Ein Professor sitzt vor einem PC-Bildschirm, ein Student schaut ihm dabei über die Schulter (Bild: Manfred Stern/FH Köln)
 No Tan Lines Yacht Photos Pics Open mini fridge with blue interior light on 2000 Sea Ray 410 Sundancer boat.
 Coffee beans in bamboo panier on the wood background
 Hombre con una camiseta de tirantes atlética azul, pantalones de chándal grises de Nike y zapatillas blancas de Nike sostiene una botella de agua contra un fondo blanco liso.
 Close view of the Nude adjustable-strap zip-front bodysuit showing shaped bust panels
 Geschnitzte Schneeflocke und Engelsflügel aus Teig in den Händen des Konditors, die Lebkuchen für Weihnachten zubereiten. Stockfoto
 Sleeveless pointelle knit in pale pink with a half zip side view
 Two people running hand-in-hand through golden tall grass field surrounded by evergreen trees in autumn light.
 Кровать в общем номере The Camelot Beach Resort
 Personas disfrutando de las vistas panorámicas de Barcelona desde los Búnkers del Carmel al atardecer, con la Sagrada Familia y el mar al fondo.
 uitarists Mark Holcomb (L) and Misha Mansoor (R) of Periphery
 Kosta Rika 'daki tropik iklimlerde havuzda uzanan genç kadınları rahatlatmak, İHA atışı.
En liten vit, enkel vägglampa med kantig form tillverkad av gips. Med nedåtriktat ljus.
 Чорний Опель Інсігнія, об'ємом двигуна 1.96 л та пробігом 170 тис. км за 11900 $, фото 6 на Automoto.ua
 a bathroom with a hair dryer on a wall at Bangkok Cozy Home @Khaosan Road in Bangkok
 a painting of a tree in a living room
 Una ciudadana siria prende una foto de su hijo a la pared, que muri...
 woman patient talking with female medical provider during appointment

Brief — Nothing but the lines from the start of the data above through the line with "Coffee beans in" should appear in your answer, copied exactly.

Reply —
Ein Professor sitzt vor einem PC-Bildschirm, ein Student schaut ihm dabei über die Schulter (Bild: Manfred Stern/FH Köln)
 No Tan Lines Yacht Photos Pics Open mini fridge with blue interior light on 2000 Sea Ray 410 Sundancer boat.
 Coffee beans in bamboo panier on the wood background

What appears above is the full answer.